Search code examples
rencodingdata.tablecategorical-databinning

r data.table usage in function call


I want to perform a data.table task over and over in a function call: Reduce number of levels for large categorical variables My problem is similar to Data.table and get() command (R) or pass column name in data.table using variable in R but I can't get it to work

Without a function call this works just fine:

# Load data.table
require(data.table)

# Some data
set.seed(1)
dt <- data.table(type = factor(sample(c("A", "B", "C"), 10e3, replace = T)),
                 weight = rnorm(n = 10e3, mean = 70, sd = 20))

# Decide the minimum frequency a level needs...
min.freq <- 3350

# Levels that don't meet minumum frequency (using data.table)
fail.min.f <- dt[, .N, type][N < min.freq, type]

# Call all these level "Other"
levels(dt$type)[fail.min.f] <- "Other"

but wrapped like

reduceCategorical <- function(variableName, min.freq){
  fail.min.f <- dt[, .N, variableName][N < min.freq, variableName]
  levels(dt[, variableName][fail.min.f]) <- "Other"
}

I only get errors like:

 reduceCategorical(dt$x, 3350)
Fehler in levels(df[, variableName][fail.min.f]) <- "Other" : 
 trying to set attribute of NULL value

And sometimes

Error is: number of levels differs

Solution

  • One possibility is to define your own re-leveling function using data.table::setattr that will modify dt in place.
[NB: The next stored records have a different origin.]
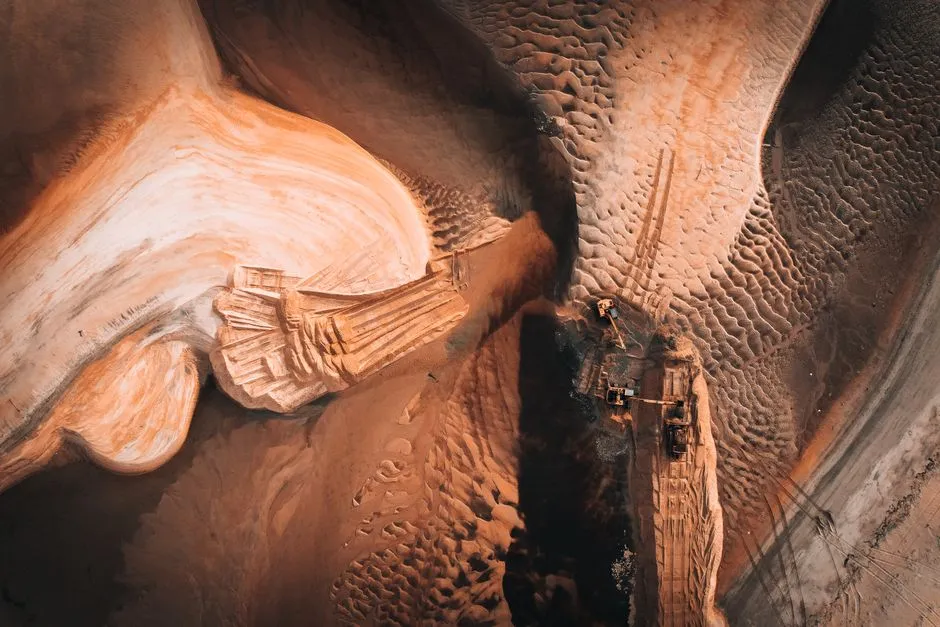 CAPEX, OPEX, and ROI for a 2026 Mining Installation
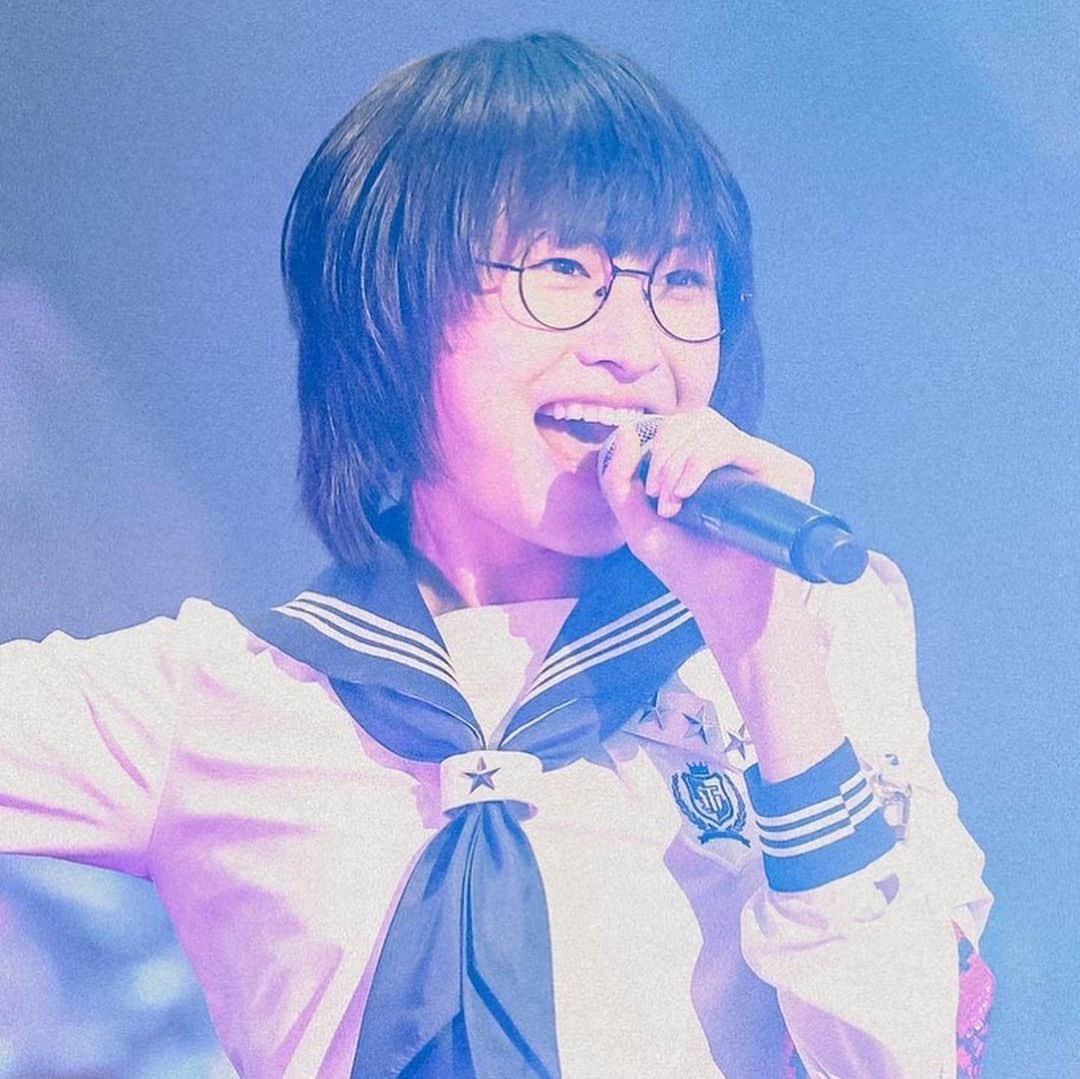 SUZUKAさんのインスタグラム写真 - (SUZUKAInstagram)「❤️ラブミュージック はみ出し枠🫰🏻💦Thank youuuu #lovemusicfestival2023 photo:白石達也」6月11日 17時28分 - suzuka_leaders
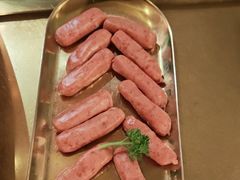 -炭之家齐齐哈尔大片烤肉·涮毛肚火锅·齐齐哈尔烤肉(中央大街店)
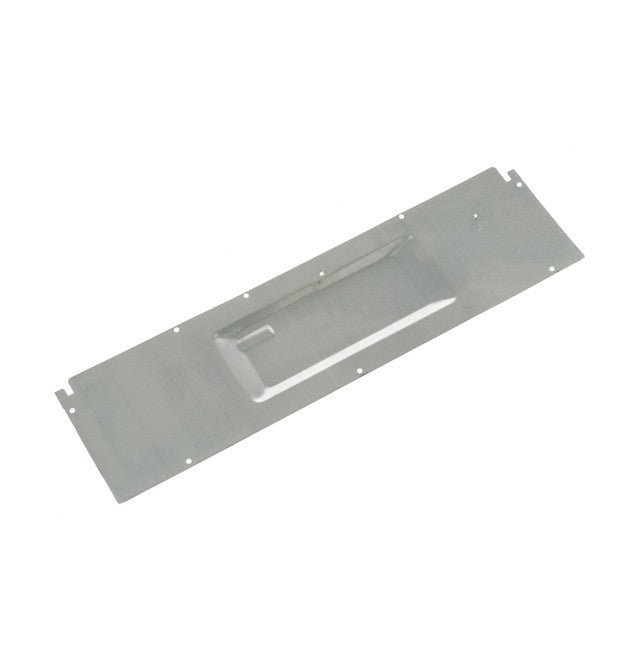 GE Dryer Panel WE20X24556 GE Dryer Panel WE20X24556
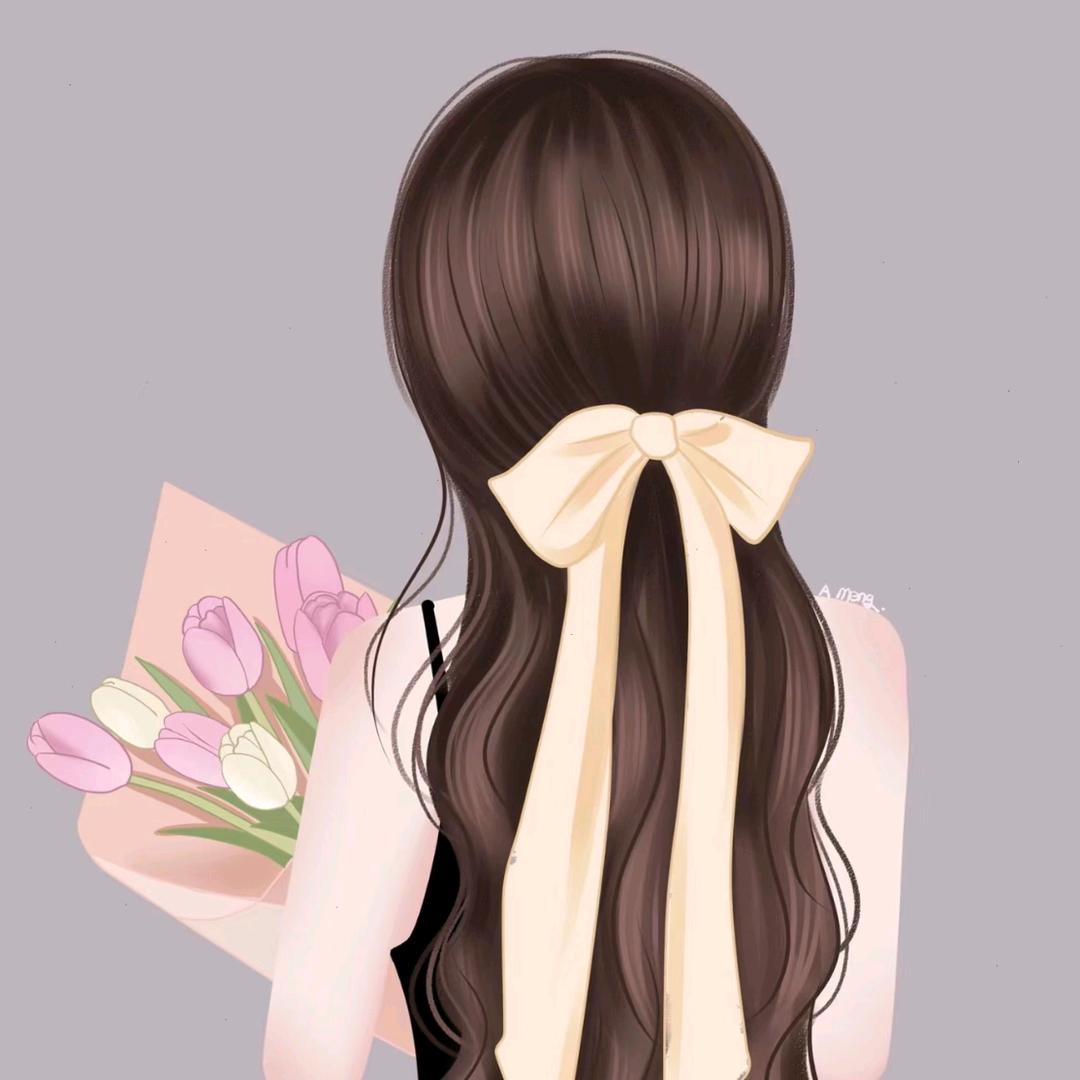 ꧁💞᪲如ღ᭄意💞᪲ღ᭄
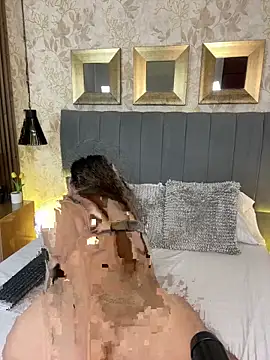 Snapshot of Anastasia_gb chatting on December 1, 12:43 pm Anastasia gb online show from December 1, 12:43 pm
Something like

    DTsetlvls <- function(x, newl)  
       setattr(x, "levels", c(setdiff(levels(x), newl), rep("other", length(newl))))
    

    Then use it within another predefined function

    f <- function(variableName, min.freq){
      fail.min.f <- dt[, .N, by = variableName][N < min.freq, get(variableName)]
      dt[, DTsetlvls(get(variableName), fail.min.f)]
      invisible()
    }
    
    f("type", min.freq)
    levels(dt$type)
    # [1] "C"     "other"
    

    Some other data.table alternatives

    f <- function(var, min.freq) {
      fail.min.f <- dt[, .N, by = var][N < min.freq, get(var)]
      dt[get(var) %in% fail.min.f, (var) := "Other"]
      dt[, (var) := factor(get(var))]
    }
    

    Or using set/.I

    f <- function(var, min.freq) {
      fail.min.f <- dt[, .I[.N < min.freq], by = var]$V1
      set(dt, fail.min.f, var, "other")
      set(dt, NULL, var, factor(dt[[var]]))
    }
    

    Or combining with base R (doesn't modify original data set)

    f <- function(df, variableName, min.freq){
      fail.min.f <- df[, .N, by = variableName][N < min.freq, get(variableName)]
      levels(df$type)[fail.min.f] <- "Other"
      df
    } 
    

    Alternatively, we could stick we characters instead (if type is a character), you could simply do

    f <- function(var, min.freq) dt[, (var) := if(.N < min.freq) "other", by = var]